About Randall Watson
Randall Watson is the author of No Evil is Wide, (Madville Publishing), which received the Quarterly West prize in the novella, The Geometry of Wishes (Texas Review Press), a finalist in the Juniper and Tampa Review Poetry Prizes, The Sleep Accusations, whichreceived the Blue Lynx Poetry Prize at Eastern Washington University, (currently available through Carnegie Mellon University Press), and Las Delaciones del Sueno, translated by Antonio Saborit with an Introduction by Adam Zagajewski, published in a bi-lingual edition by the Universidad Veracruzana in Xalapa, Mexico.
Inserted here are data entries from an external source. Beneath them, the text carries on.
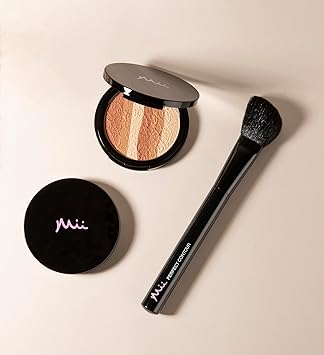 Mii Cosmetics Glamorous Trio Bronzing Face Finish Bronzer and Highlighter Makeup Face Palette for Contour Highlight Includes 3 Shades Blendable Buildable - Image 3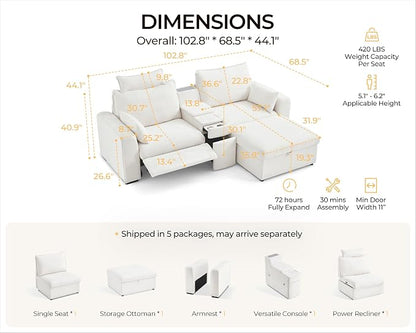 102.8'' Loveseat Power Recliner Sofa with Headrest, Oversized Cloud Modular Sectional Couch with Table, Drawer, Charging, 3-Seater with Storage Ottoman for RV Home Theater, Chenille, White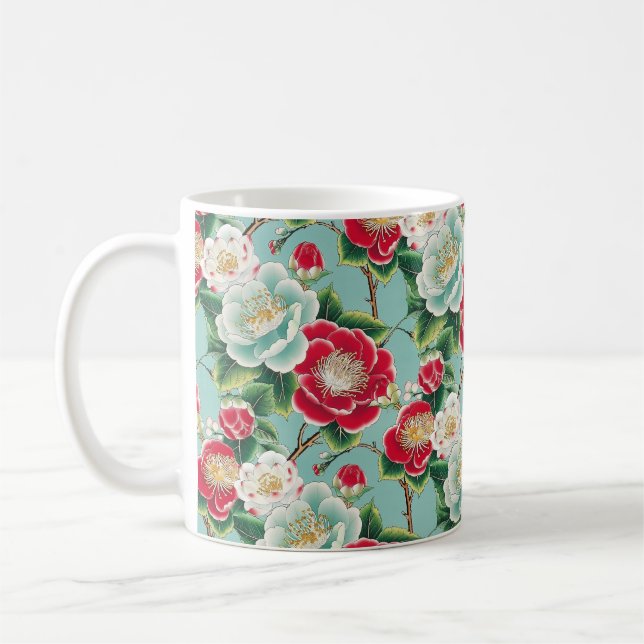Chiyogami Red and White Camellia Blooms  Coffee Mug (Left)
To find out more, check out his website.
A Profile of the Author
Notes on Three Poems
So. I ask myself, where is it poems emerge from, what locus of influences, what subterranean roots, like an Aspen grove, the hidden, often obscure indefinable interactions out of which a form emerges, the rhythm and image, like leaves and branches swaying in the wind? To fix, to name, such presences, with any definitive parameters, is akin to naming the ineffable forces that have shaped the person we are at any present moment. What shadow on the leaf of a strawberry hovers in our forgetfulness? What cruel word, or gift, delivered by a well-meaning parent, a drunken friend? What shattered or consummated love? What vision of the sea an hour before dusk, something that drives us into a kind of silence, that sinks into the pool of memory only to resurface, unexpectedly? What burden or release, abandonment or arrival, those inscrutable twins?
The constellation of such events, their immeasurable complexity, whose accumulation makes up our very being, this being from which a poem arrives in its raw and inconsolable forms, half inexplicable, half will and distance and scrutiny, shaped, given a beat, something slow that races, something racing that slows, a field of juxtapositions, forces, images, that moves us, we hope, that pleases the eye, the ear, the humane part of us that loves and grieves. All unnamable. Except for the poem itself, which is our act of naming.
Thus, as to the 3 poems here, in a limited way, for they speak for themselves:
“Little League”, from a real event, that moment in a child’s life—a poem of love and grief and hope—and ultimately—of communality. The analogy resonated so naturally in so many ways I was surprised to discover it. The smallness of some people, how change can be perceived as both welcome by some and threat by others, hurtling towards us like a ball thrown by an eager child. How relation—personal, and intimate, individual–that knowing–is our salvation?
Or “The Future of Nostalgia”, a kind of landscape of decay, and our tendency to romanticize our pasts, a kind of sentiment that rejects the impulse toward sentimentality while still feeling affection for the worlds that produced us, with all their shadows. The paradox of the open-armed rejection?
And then “Losing the Self”: I thought—what would it be, who would we be, if we found ourselves suddenly ‘selfless’, endlessly decentered and mutable? What would be revealed? Confusion? Dancing? The immediacy of the beauty about us, unencumbered by projection, definition, “iridescent” and manifest?
I could say more, but a poem is, fundamentally, inexplicable, in the sense that whatever meanings we can discover and explain, which have their value, (and I would never dismiss interpretation), it retains its otherness, its immediacy, its beyondness. I think this is the source of its power. The mystery that sometimes occurs when we meet it, when we enter into it as it enters into us, like a shard, an artefact, where words are the repository of a transcendent potential, a fracturing and a compression that subdues space and time and division and elides every distance into a kind of unity, a concordance, once hidden to us, and for a moment, at least, revealed.
Music, Food, Booze, Tattoos, Kittens, etc.
Ah . . . music:
There’s Glen Gould’s Goldberg Variations, Bach’s Prelude from Suite No1 for cello in G Major, Tom Waits, Hendrix, Keith Jarrett live at Cologne, Talis Scholars, Ohio Players, John Gorka, Otis Redding, Henryk Gorecki, —the list would go on for pages and pages . .
And Birds: the lovely scrub jay, the pine siskin, mountain chickadee, evening grosbeak, juniper titmouse, rufous sided towhee, rufous hummingbird, an aggressive, greedy flash among the pinyons. . .
Then wild cats beneath the house, who let you pet them only when they are eating . . .
And what would the world be worth without one blind dog groaning with pleasure when you rub his ears?